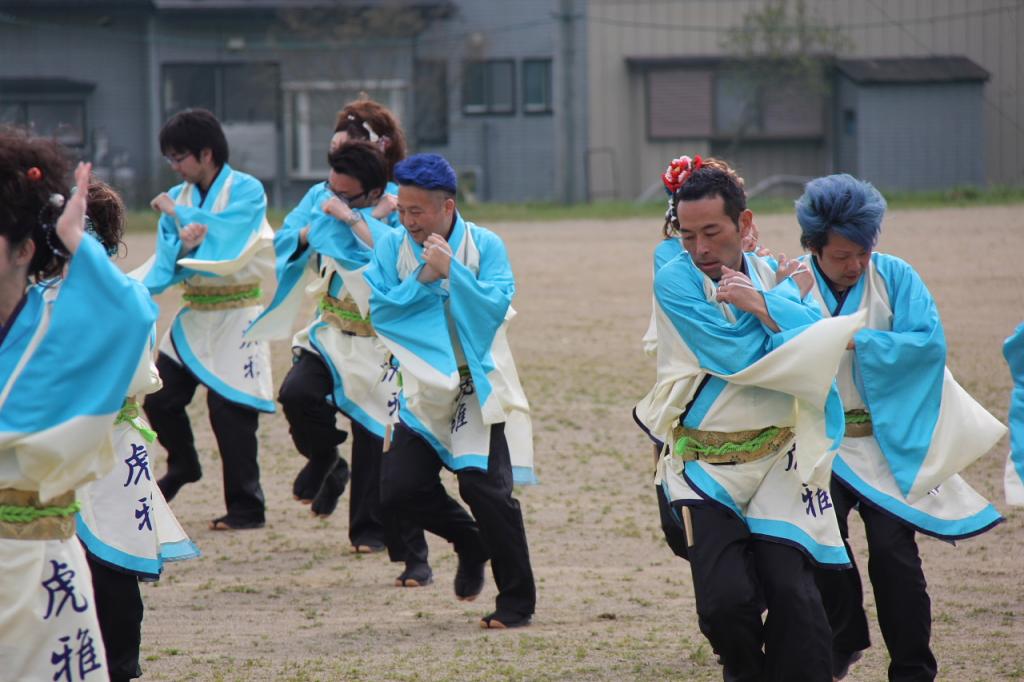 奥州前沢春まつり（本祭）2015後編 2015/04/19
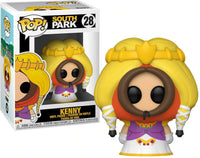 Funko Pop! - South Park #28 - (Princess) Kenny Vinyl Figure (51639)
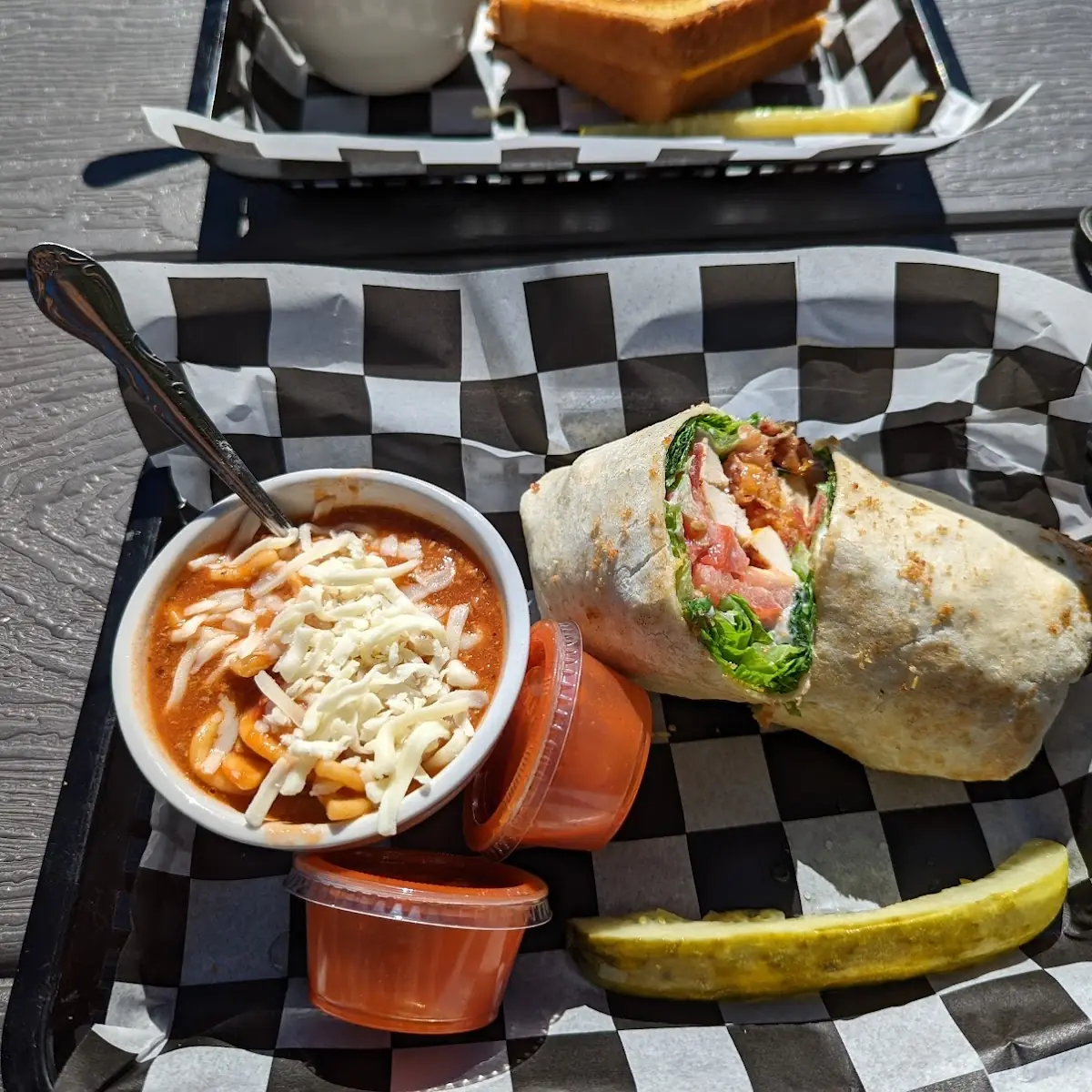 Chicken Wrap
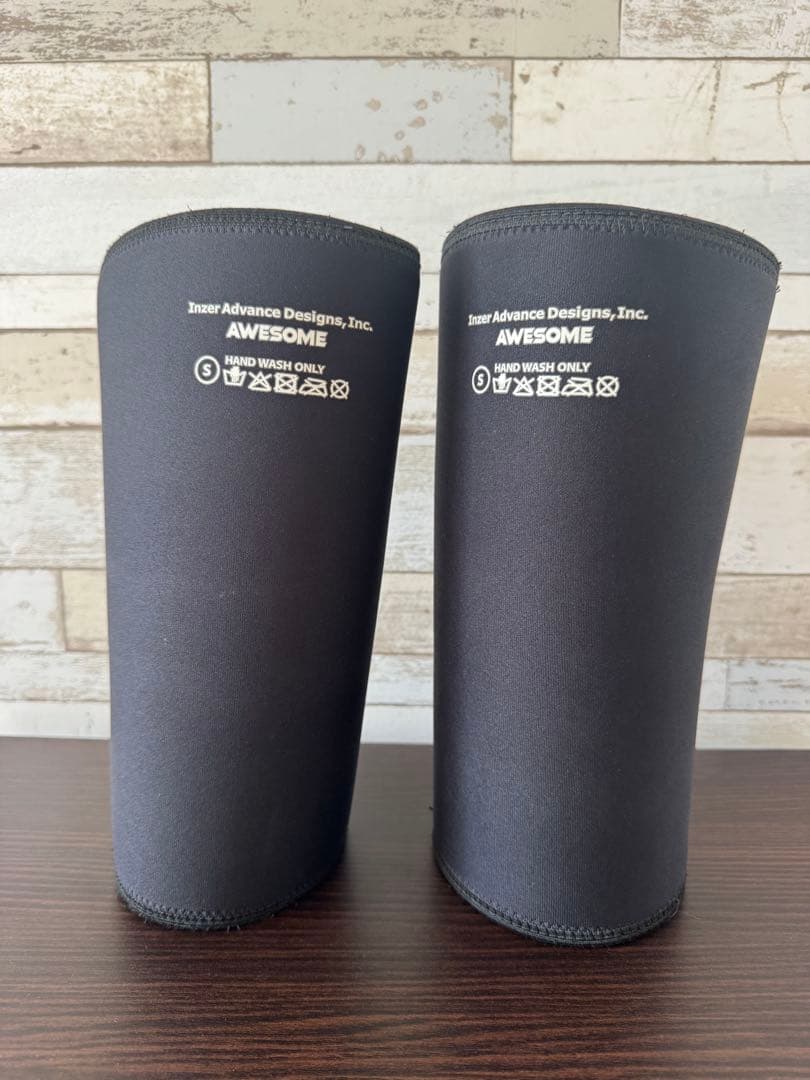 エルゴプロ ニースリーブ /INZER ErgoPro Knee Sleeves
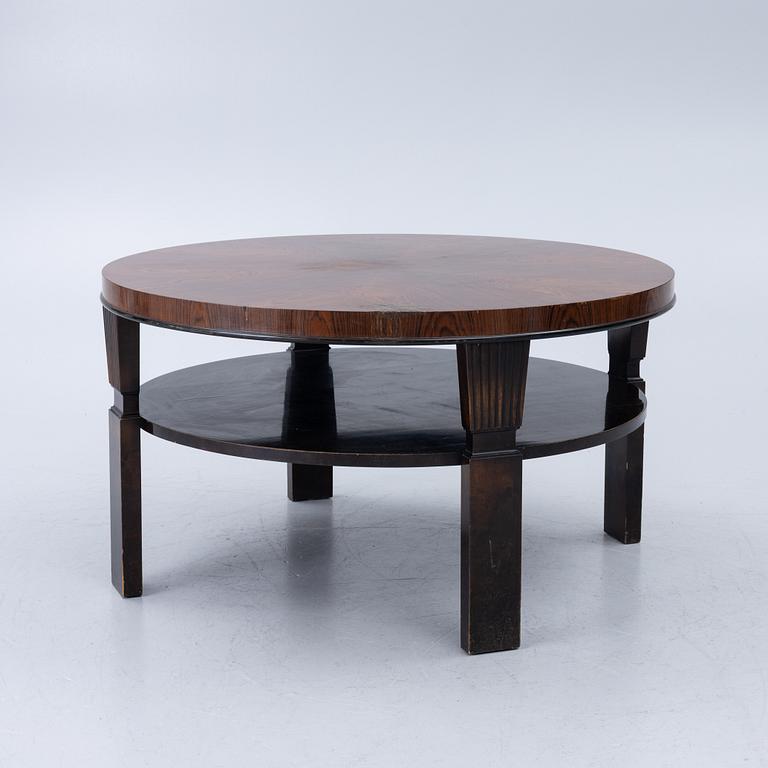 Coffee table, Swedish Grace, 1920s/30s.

Task objective: Make an exact copy of the lines above, starting at the line that contains "エルゴプロ ニースリーブ /INZER ErgoPro Knee Sleeves" and running through the final line of the entries. Omit the pictures.

Task solution:
 エルゴプロ ニースリーブ /INZER ErgoPro Knee Sleeves
 Coffee table, Swedish Grace, 1920s/30s.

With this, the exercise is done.